His that true for Maya scene editing, it is more capable than a 12900H+mobile 3080 TI ? Source ?





Well it would seem you are proving my point... All these bench marks looking for conns, are irrelevent. No 3D model artist gives two shakes how fast any Laptop PC or MAC renders anything. So getting excited about cinebench wins is stupid. Even when it comes to rendering large video file projects... professionals are not doing that on laptops. lol (not that the M1 doesn't win there anyway... its just not going to be a big part of any real world workflow.) Most of these youtube benchs are done by people that have zero clue about what they are benching. Adobe has a benchmark mode... and I know how to make cool GFX for my youtube chan, that doesn't make you a pro. lol No laptop hardware from anyone is suited to rendering shit for real money. But being able to edit on the go... or quickly scrub through some footage ect, that is useful. M1 wins easily for that use.

In Adobe 2D video rendering... Winner M1 Max, by a pretty nice bit. 18s isn't nothing. And that is vs a 3080ti. What is more important to must pros is how smooth it is scrubbing timelines ect... and in that regard M1 wins.

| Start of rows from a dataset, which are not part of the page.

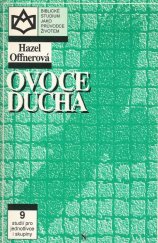 kniha Ovoce Ducha růst k podobnosti Kristu : 9 studií pro jednotlivce i skupiny, Návrat 1993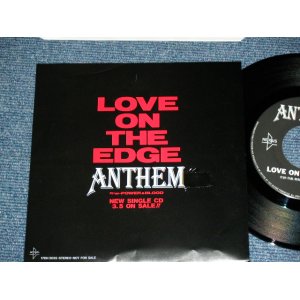 画像: アンセム ANTHEM - LOVE ON THE EDGE / 1990 JAPAN ORIGINAL PROMO ONLY Used 7"Single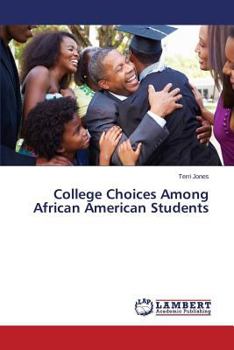 Paperback College Choices Among African American Students Book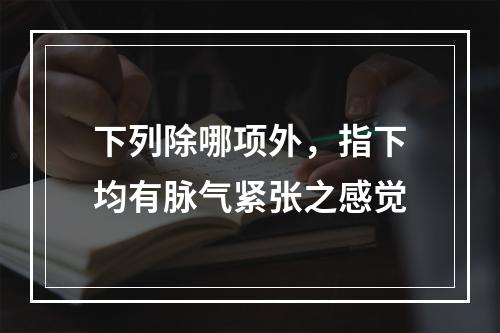 下列除哪项外，指下均有脉气紧张之感觉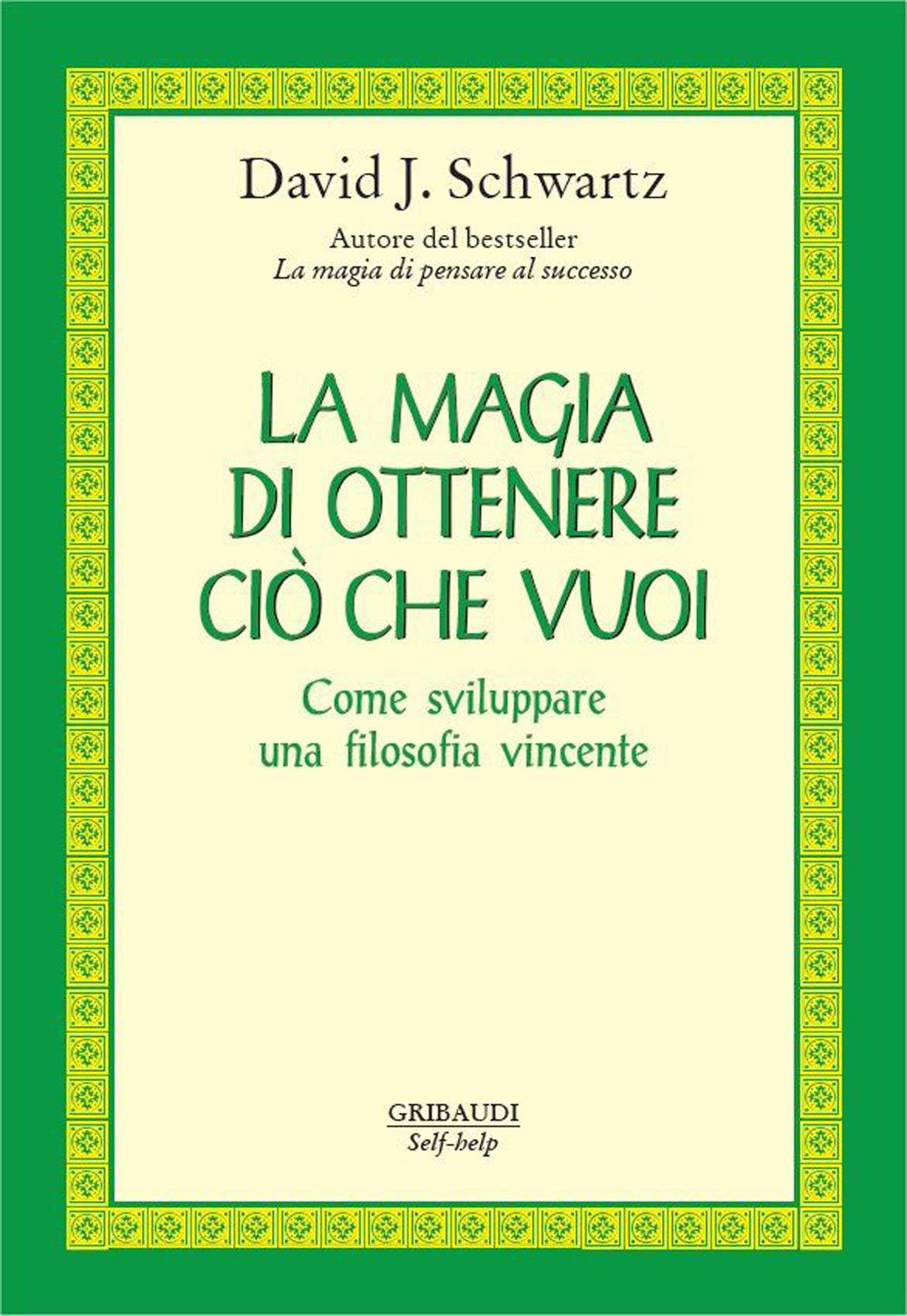Vorderes Coverbild La magia di ottenere ciò che vuoi. Come sviluppare una filosofia vincente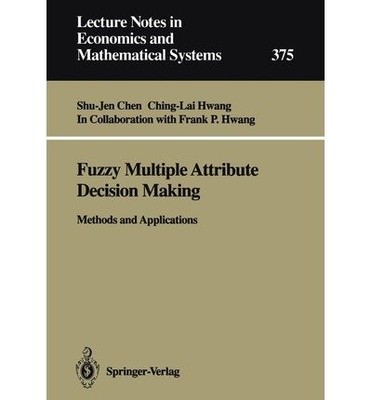 FUZZY MULTIPLE ATTRIBUTE DECISION MAKING: METHODS AND By Shu-jen Chen & C. L.
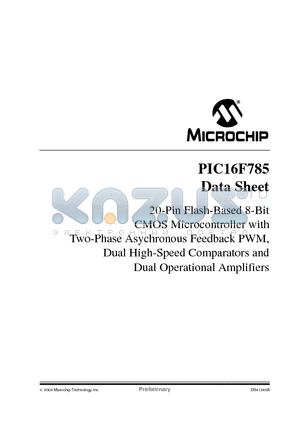 PIC16F785 datasheet - 20-Pin Flash-Based 8-Bit CMOS Microcontroller with Two-Phase Asychronous Feedback PWM, Dual High-Speed Comparators and Dual Operational Amplifiers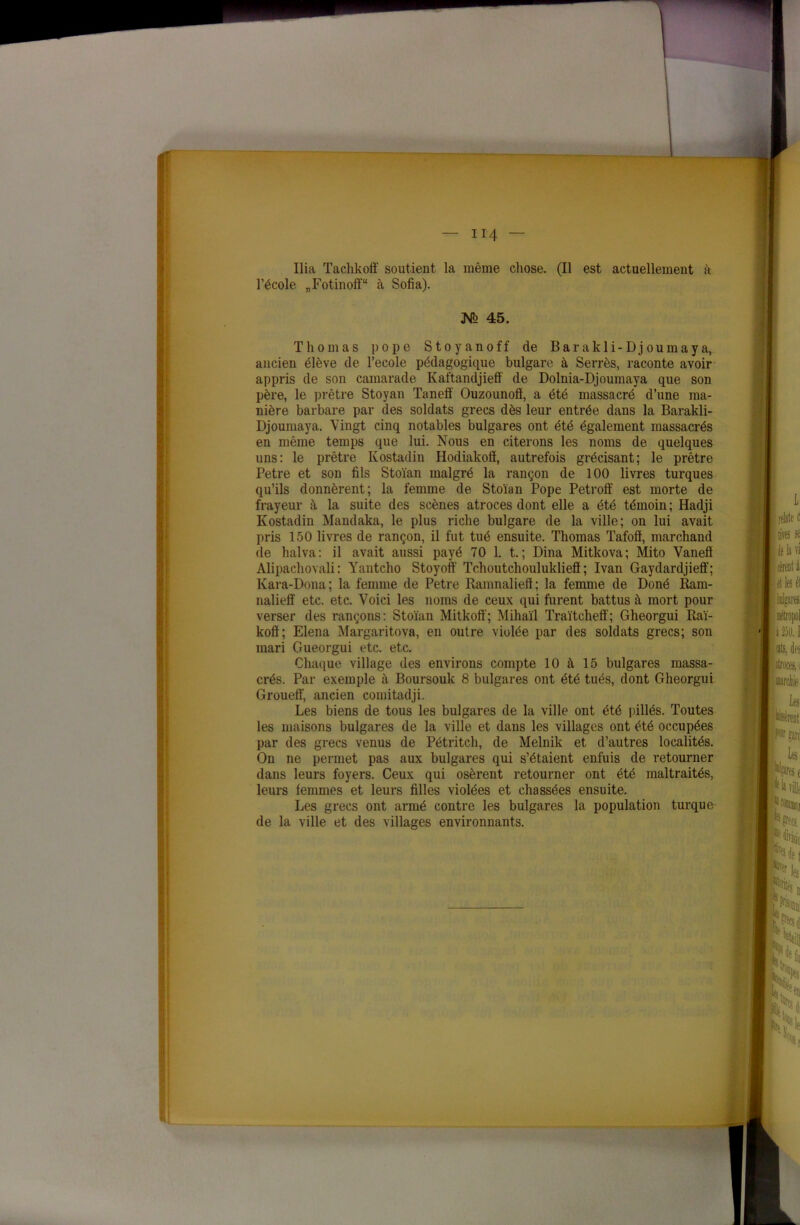 Ilia Tachkoff soutient la même chose. (Il est actuellement à l’école „Fotinoff“ à Sofia). 45. Thomas pope Stoyanoff de Barakli-Dj oumaya, ancien élève de l’ecole pédagogique bulgare à Serrés, raconte avoir appris de son camarade Kaftandjieff de Dolnia-Djoumaya que son père, le prêtre Stoyan Tanefi Ouzounoft, a été massacré d’une ma- nière barbare par des soldats grecs dès leur entrée dans la Barakli- Djoumaya. Vingt cinq notables bulgares ont été également massacrés en même temps que lui. Nous en citerons les noms de quelques uns: le prêtre Kostadin Hodiakofï, autrefois grécisant; le prêtre Petre et son fils Stoïan malgré la rançon de 100 livres turques qu’ils donnèrent; la femme de Stoïan Pope Petroff est morte de frayeur à la suite des scènes atroces dont elle a été témoin ; Hadji Kostadin Mandaka, le plus riche bulgare de la ville; on lui avait pris 150 livres de rançon, il fut tué ensuite. Thomas Tafofl, marchand de halva: il avait aussi payé 70 1. t. ; Dina Mitkova; Mito Vanefï Alipachovali : Yantcho Stoyoff Tchoutchoulukliefl ; Ivan Gaydardjieff; Kara-Dona; la femme de Petre Ramnaliefi; la femme de Doné Ram- nalieff etc. etc. Voici les noms de ceux qui furent battus à mort pour verser des rançons: Stoïan Mit kofi'; Mihaïl Traïtekelf; Gheorgui Raï- koft; Elena Margaritova, en outre violée par des soldats grecs; son mari Gueorgui etc. etc. Chaque village des environs compte 10 à 15 bulgares massa- crés. Par exemple à Boursouk 8 bulgares ont été tués, dont Gheorgui Groueff, ancien comitadji. Les biens de tous les bulgares de la ville ont été pillés. Toutes les maisons bulgares de la ville et dans les villages ont été occupées par des grecs venus de Pétritch, de Melnik et d’autres localités. On ne permet pas aux bulgares qui s’étaient enfuis de retourner dans leurs foyers. Ceux qui osèrent retourner ont été maltraités, leurs femmes et leurs filles violées et chassées ensuite. Les grecs ont armé contre les bulgares la population turque de la ville et des villages environnants.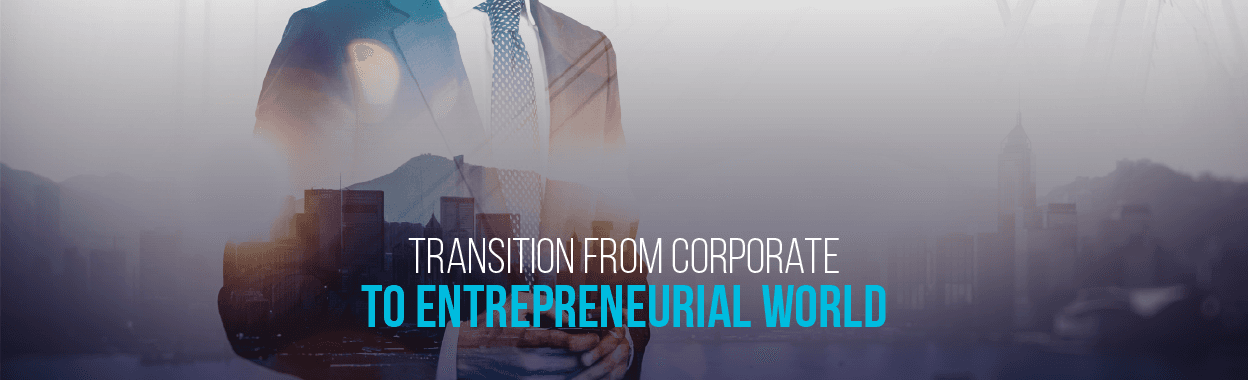 How I Transitioned from Corporate to Entrepreneurial World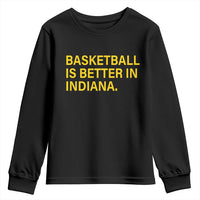 Basketball Is Better in Indiana Youth Sweatshirt Bold Yellow Statement Hoosier Hoops Fans - Wonder Print Shop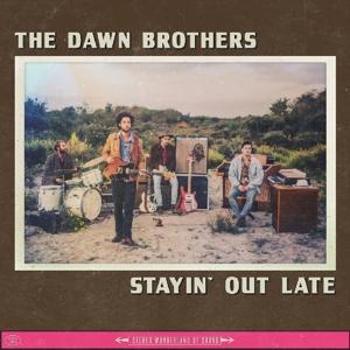 DAWN BROTHERS - STAYIN' OUT LATE, Vinyl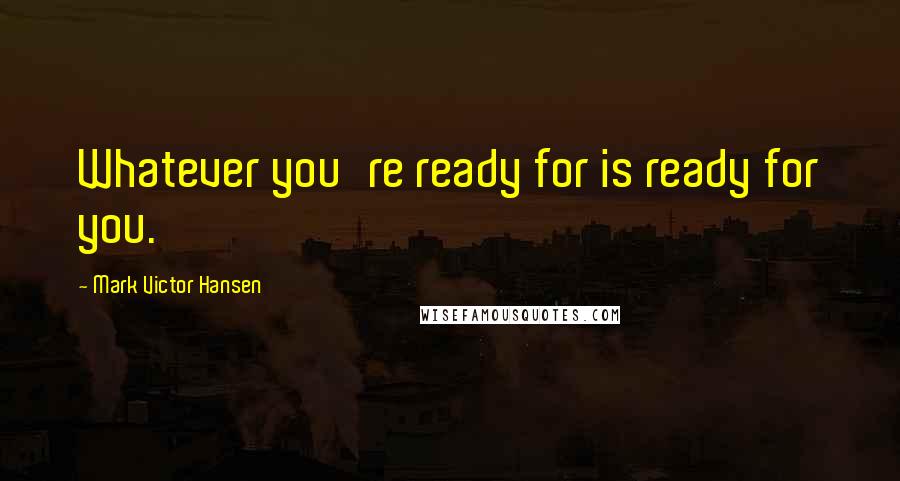 Mark Victor Hansen Quotes: Whatever you're ready for is ready for you.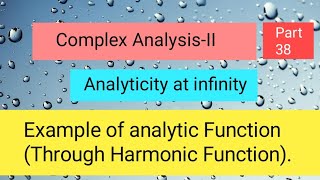 Example of Analytic Function (Through Harmonic Function) in Complex Analysis Part 03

Where Apple losses. Again its FINAL renders, in 3D workflows. (in 2D workflows M1 wins easily in all but obscure windows centric codecs) No professional 3D modeler will be rendering on a laptop. All of the youtube benchmark folks get this 100% wrong. No 3D pro cares what their laptop render times are cause they won't ever be doing final renders on that hardware. (perhaps the odd single frame pre render to check something... but final renders no) The only people that would be rendering on any laptop... are students and Youtubers with less then 10k subs creating cheesy 20s 3D title cards. lol
I have worked for professional 3D houses (not large ones... but large enough) yes a few of those guys have M1 macs and they love them for model and scene work.... no they don't render on them. Why would they... they send their work to the offices render farm. They do love that they don't need a chunky laptop that sucks 300 watts from the wall and will burn them if they pick it up. Even in the video you posted... this guy said as much, the M1 draws 1/4 the power from the wall while scrubbing around adobe premiere, and the same is true for stuff like Zbrush ect. Does it heat up like crazy if you try to render... of course, its not breaking the laws of physics, that just isn't something anyone making money on that stuff would be doing so who cares.

I agree that Apple is not a gaming machine... but who is expecting Macs to do AAA gaming at this point. Apple pretty much gave up any pretense of going after AAA gaming imo. If gaming is an important part of your computing Apple isn't (nor has it been since Apple IIe days) the go to.

This is also why Apple isn't going to buy GPUs from AMD or Nvidia or anyone else. Their GPUs actually handle peoples real M1 workloads just fine. Are they render beasts... hell no. But they don't need to be.